Pakistan’s National Cyber Emergency Response Team (National CERT) has issued a nationwide advisory warning of a sharp rise in WhatsApp account hijacking, calling the threat widespread and highly effective.
According to the advisory, attackers are relying more on social engineering tactics than technical flaws, tricking users into handing over access. Once compromised, accounts are used for impersonation, financial fraud, data theft, and spreading malicious content.
National CERT explained that WhatsApp accounts are linked to phone numbers and SIM ownership, which makes recovery possible, but also creates opportunities for attackers who deceive users into sharing verification codes or enabling call forwarding.
The threat affects all segments of society, including ordinary users, professionals, and business employees. For organizations using WhatsApp for work, compromised accounts can lead to fraud similar to business email compromise, but through a trusted messaging platform.
The advisory identified several common methods currently in use:
Users should remain alert for signs such as sudden logouts, unknown devices in “Linked Devices,” unexpected verification prompts, or contacts receiving suspicious messages. Receiving a verification code without requesting it should be treated as an active hijacking attempt.
A hijacked WhatsApp account can result in financial loss, identity misuse, privacy breaches, and reputational damage. Attackers often use compromised accounts to request money from contacts or spread malware and scam links.
National CERT noted that WhatsApp provides an effective recovery mechanism if action is taken quickly. Victims should reinstall WhatsApp and re-register using the SMS verification code to remove the attacker.

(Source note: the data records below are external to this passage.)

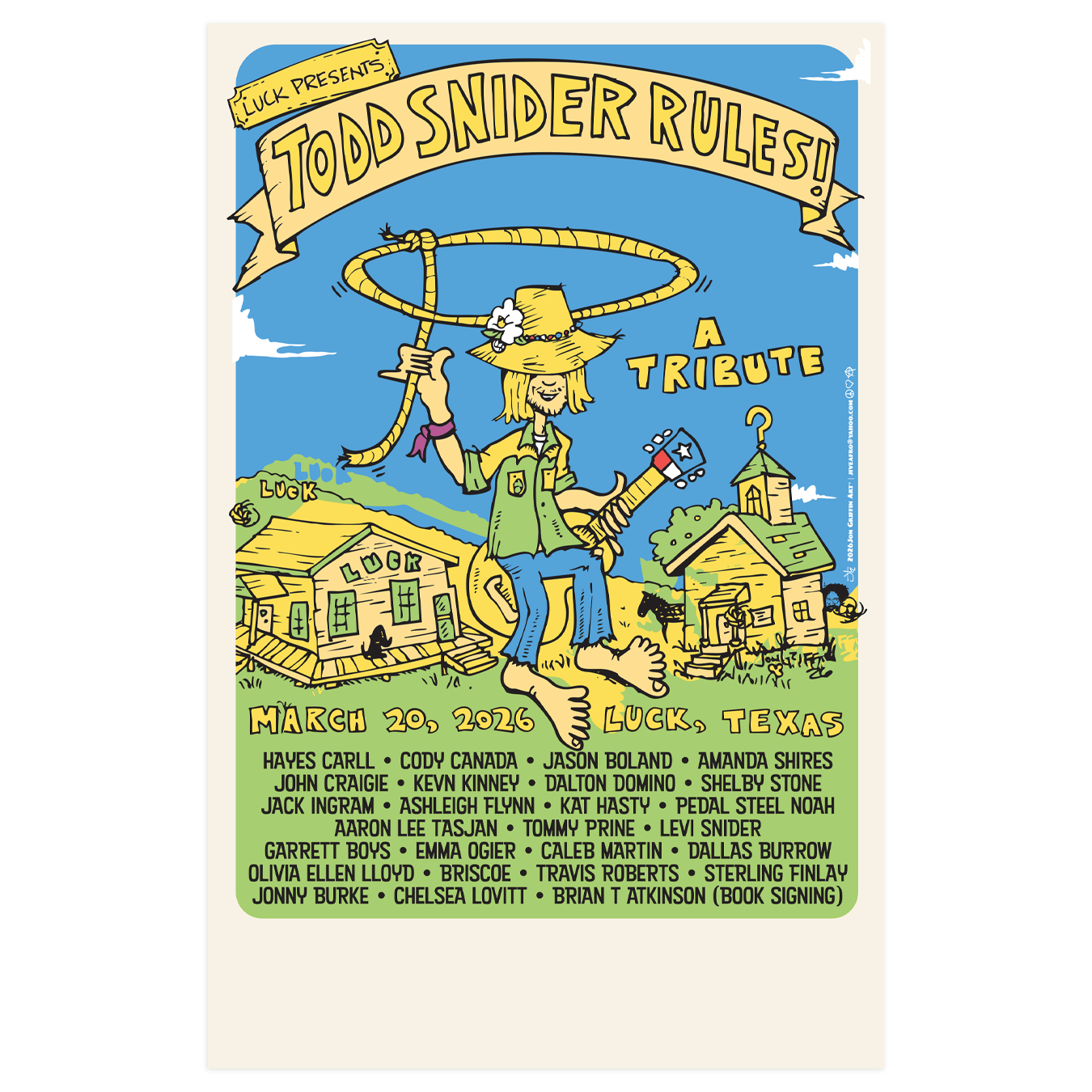 Todd Snider Rules! Luck, TX Festival Poster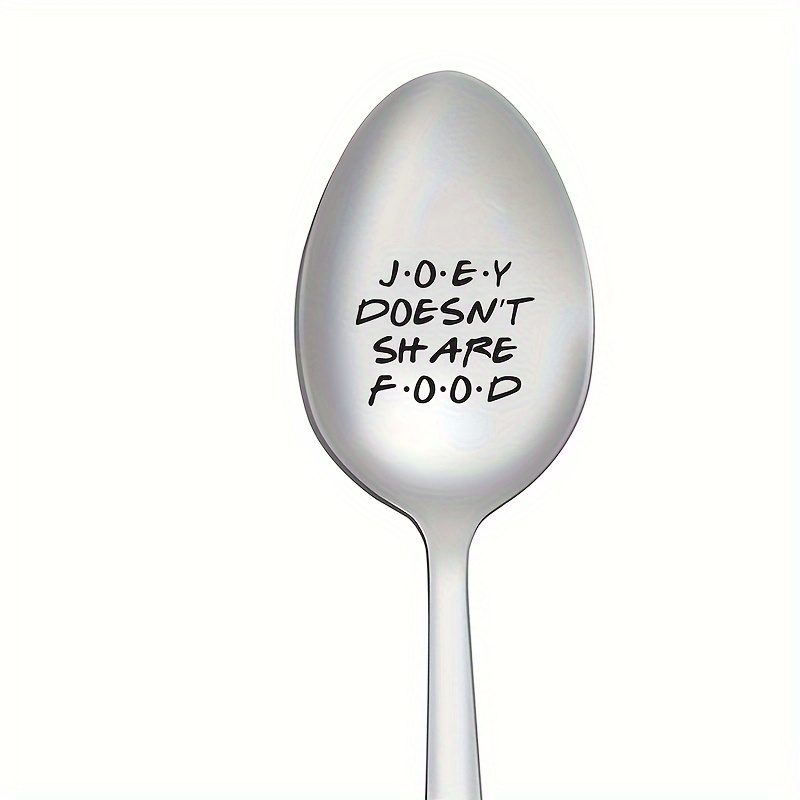 

1pc " Share Food" Mirror Polished Engrave Stainless Steel Spoon, Funny Spoon, , Engraved Spoon, Ice Cream Spoon, Gift Spoon For , Birthday Gifts For Bestie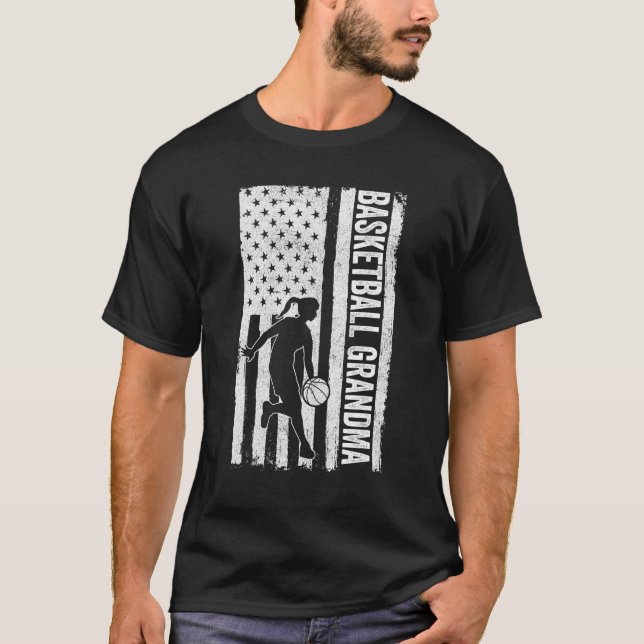 Basketball Grandma USA Flag Basketball Team Fan Fa T-Shirt (Front)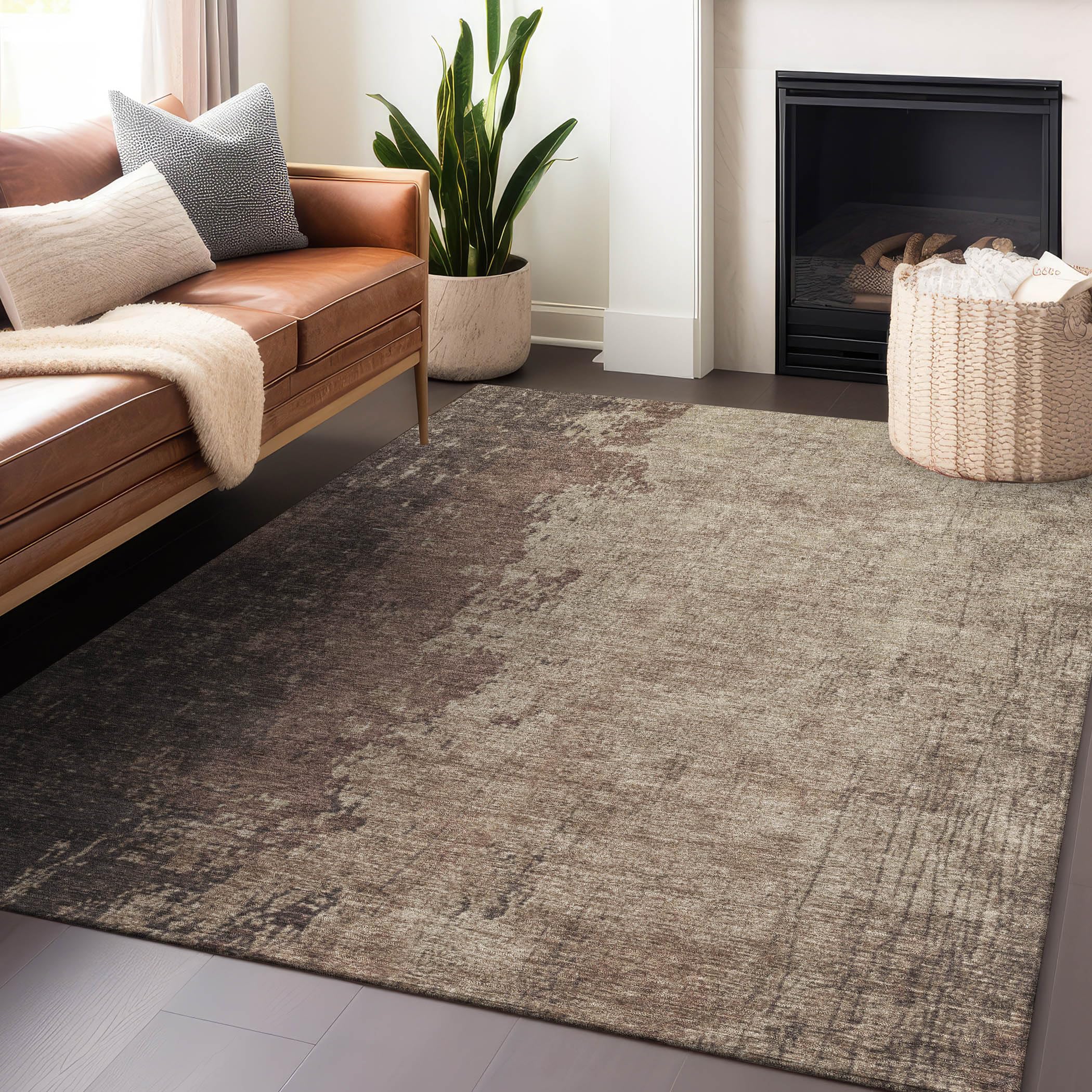 Machine Washable Indoor/Outdoor Chantille Chocolate 26 x 310 Rug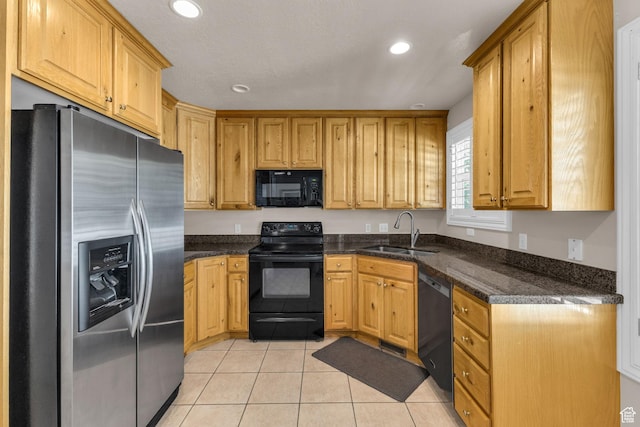 1082 E 370 N, American Fork, UT 84003 - kitchen with black appliances, recessed lighting, light tile patterned floors, and dark stone countertops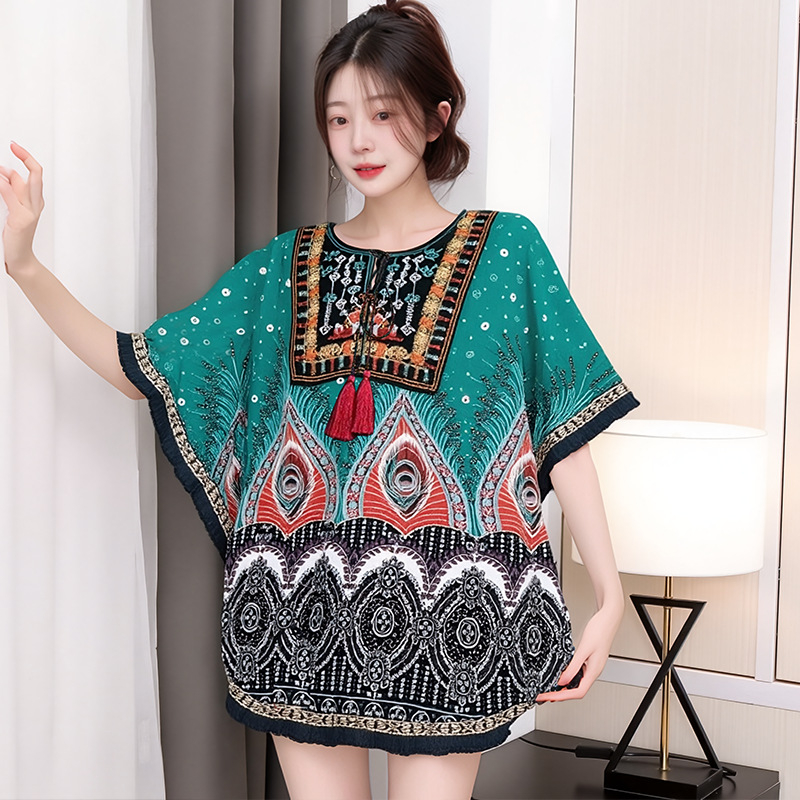 Bluza s bat rukavom u etničkom stilu, 3/4 rukav, 95% viskozna vlakna, UPF30+, lagana tkanina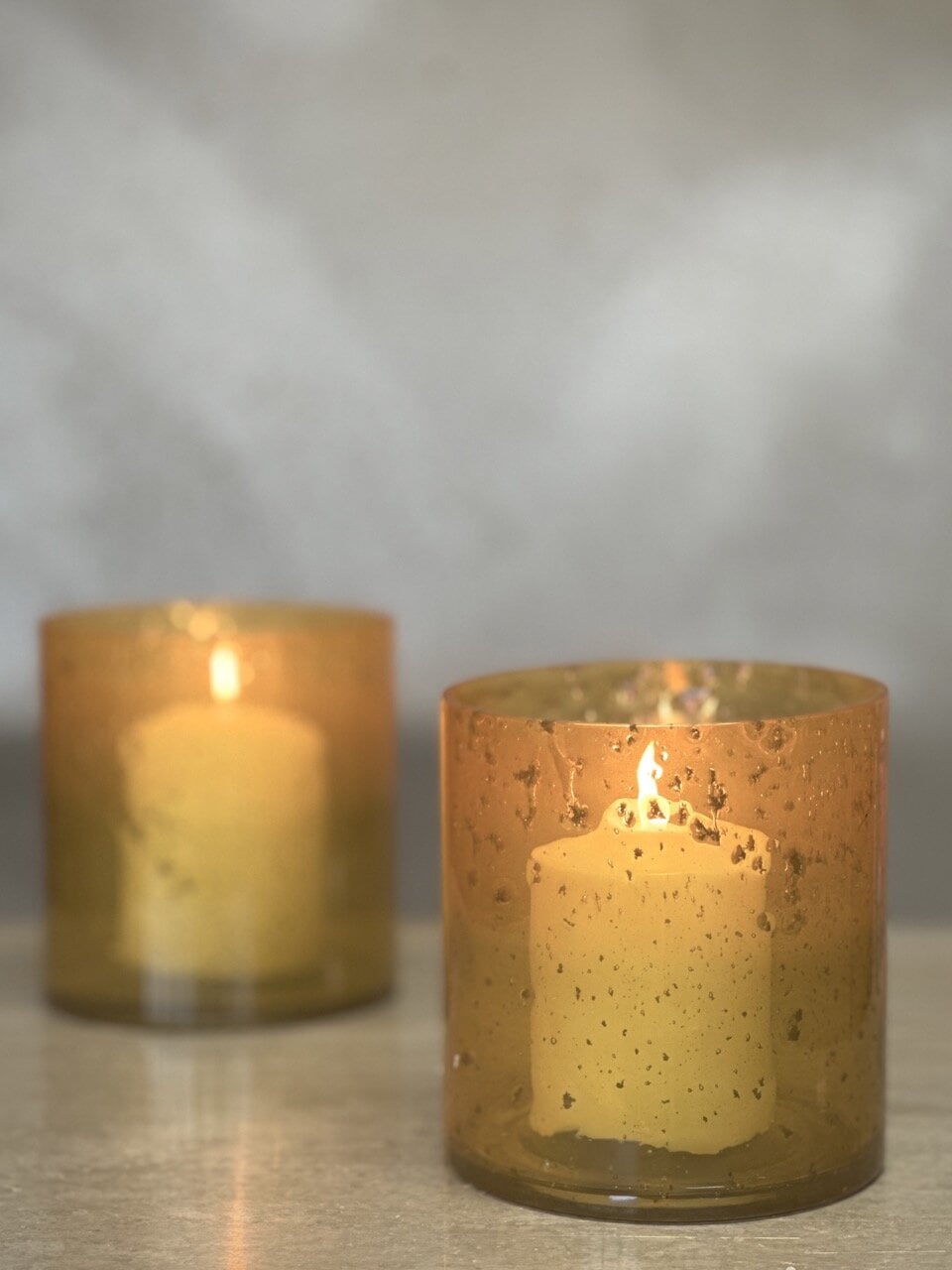 MARI large tea light candle holder, opaque yellow with stone finish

If two-step verification has been enabled without a recovery email, users must wait seven days before regaining access. Accounts with a recovery email can reset access immediately.
Businesses are urged to train employees, use strict verification for financial requests, and maintain incident response plans. Organizations relying on WhatsApp for official communication may consider more controlled solutions like the WhatsApp Business API.
The advisory strongly urges users to enable Two-Step Verification with a recovery email, calling it the most important safeguard. Other recommendations include reviewing linked devices, avoiding unsolicited links and QR codes, checking call forwarding settings, and never sharing verification codes or PINs. National CERT stressed that legitimate organizations, will never ask for such information.
National CERT urged WhatsApp users across Pakistan to secure their accounts immediately, remain cautious of unsolicited requests, and educate others, especially vulnerable users. As cybercriminal tactics evolve, the agency emphasized that basic security practices and quick response remain the strongest defense.